§ ACTIVITY: Could you copy exactly the lines from the start of the records through the one containing "Woman in garden", both included, and leave out the pictures?

Dataset excerpts
•••
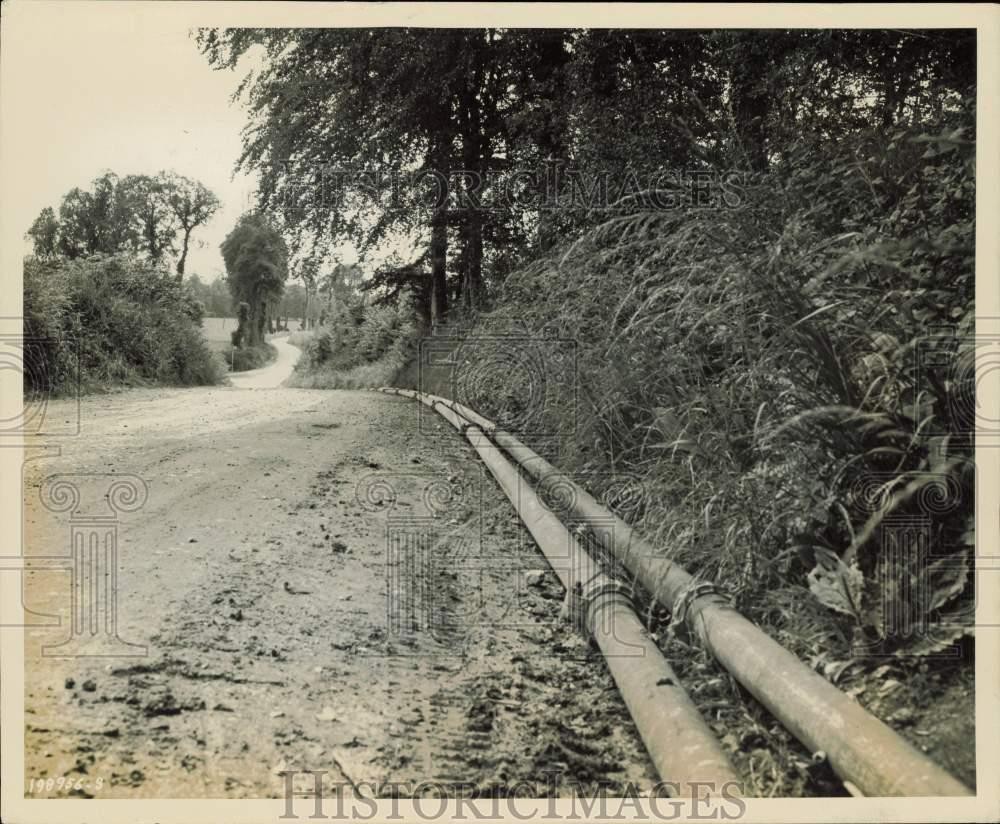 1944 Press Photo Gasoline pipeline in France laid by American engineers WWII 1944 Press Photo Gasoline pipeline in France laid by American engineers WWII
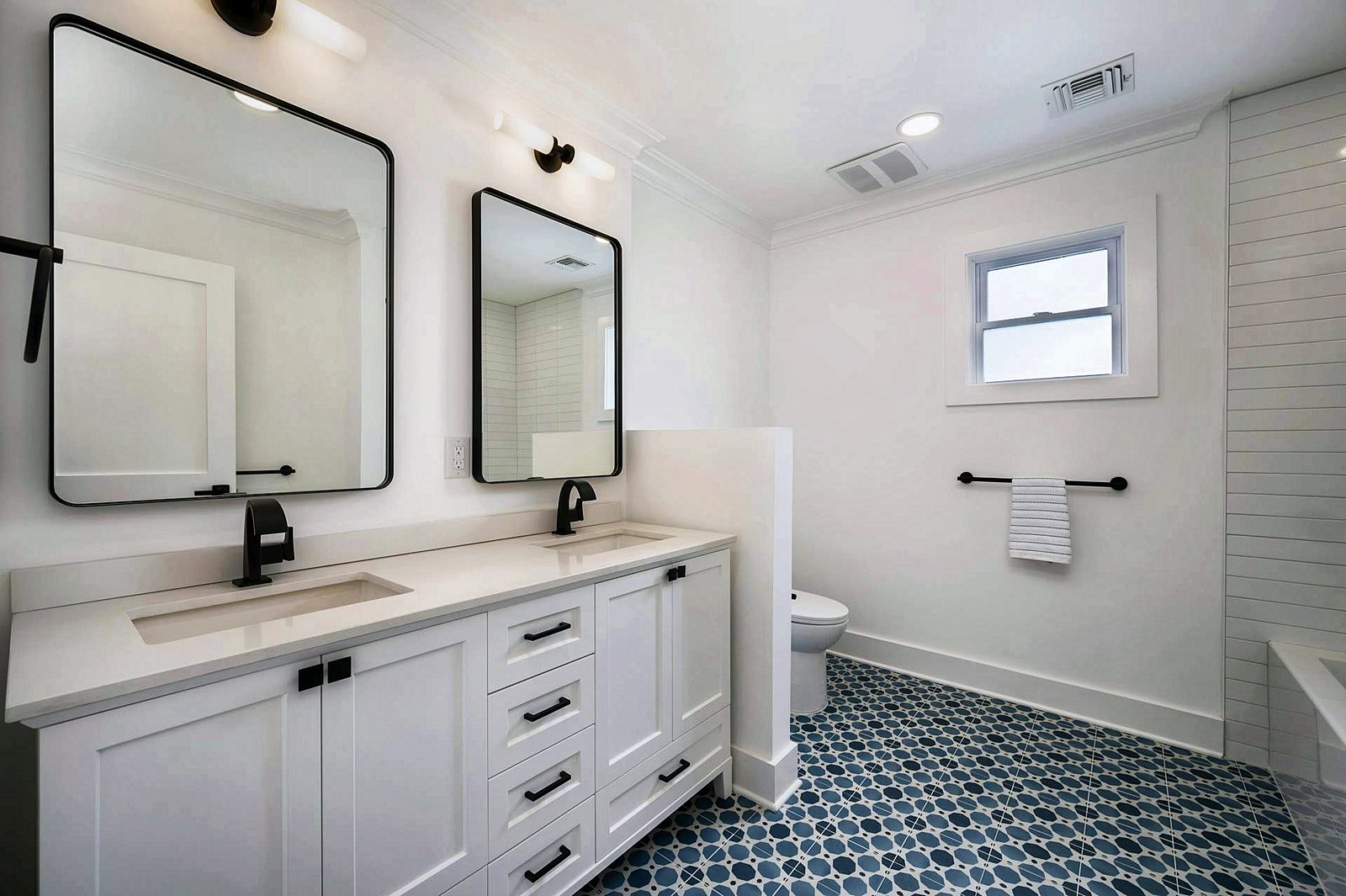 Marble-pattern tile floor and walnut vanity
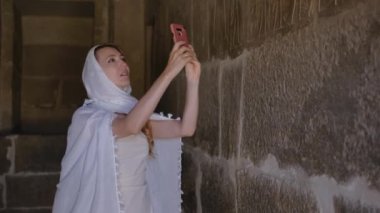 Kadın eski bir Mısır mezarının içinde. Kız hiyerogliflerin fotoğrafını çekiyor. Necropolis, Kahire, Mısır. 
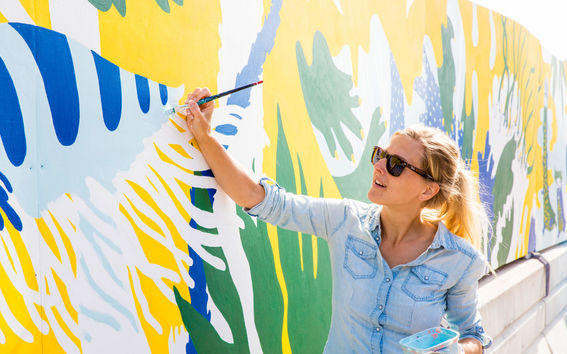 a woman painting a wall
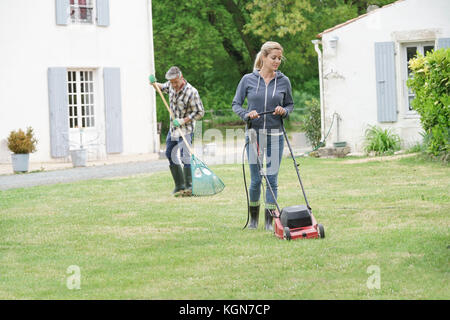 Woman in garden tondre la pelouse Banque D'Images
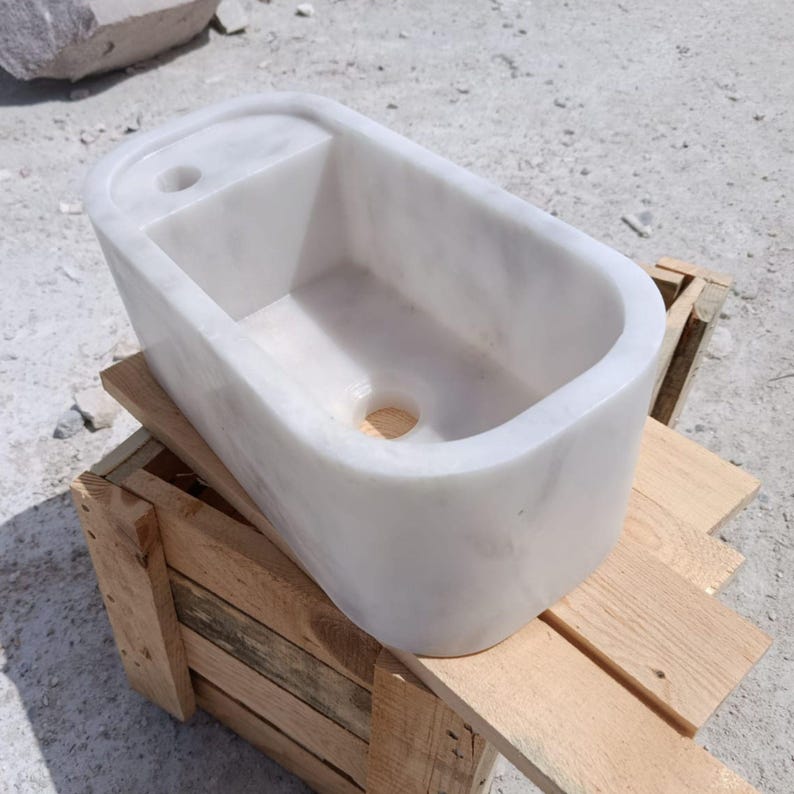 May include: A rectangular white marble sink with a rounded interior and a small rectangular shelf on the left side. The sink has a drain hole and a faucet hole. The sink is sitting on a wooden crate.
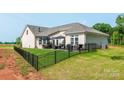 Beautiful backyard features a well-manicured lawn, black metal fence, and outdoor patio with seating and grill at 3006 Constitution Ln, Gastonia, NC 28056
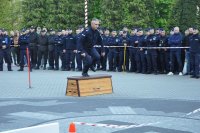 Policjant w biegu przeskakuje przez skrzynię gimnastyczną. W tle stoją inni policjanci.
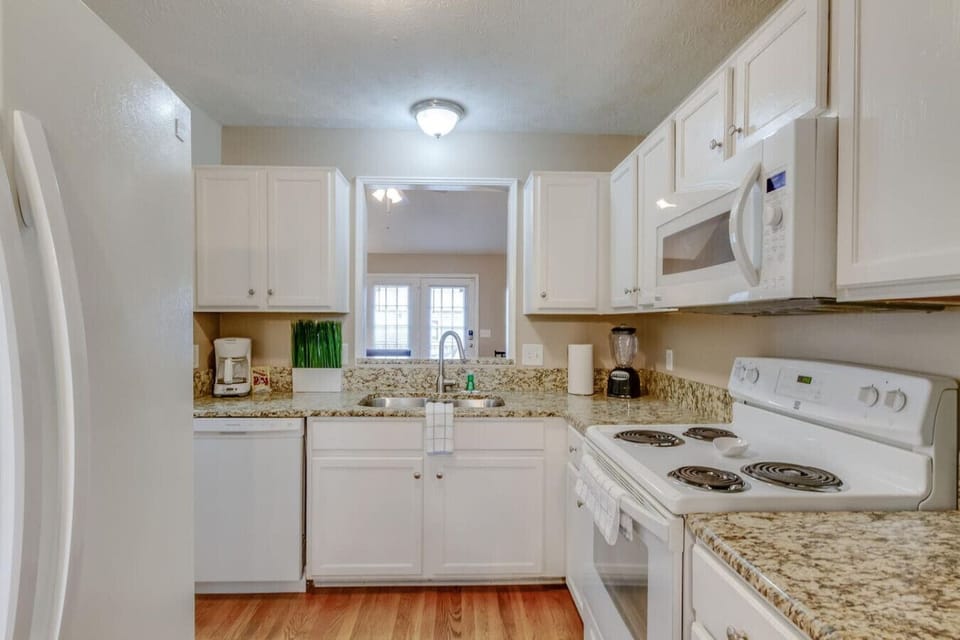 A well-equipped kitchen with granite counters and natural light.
•••
§ WORKED SOLUTION:
 1944 Press Photo Gasoline pipeline in France laid by American engineers WWII 1944 Press Photo Gasoline pipeline in France laid by American engineers WWII
 Marble-pattern tile floor and walnut vanity
 Kadın eski bir Mısır mezarının içinde. Kız hiyerogliflerin fotoğrafını çekiyor. Necropolis, Kahire, Mısır. 
 a woman painting a wall
 Woman in garden tondre la pelouse Banque D'Images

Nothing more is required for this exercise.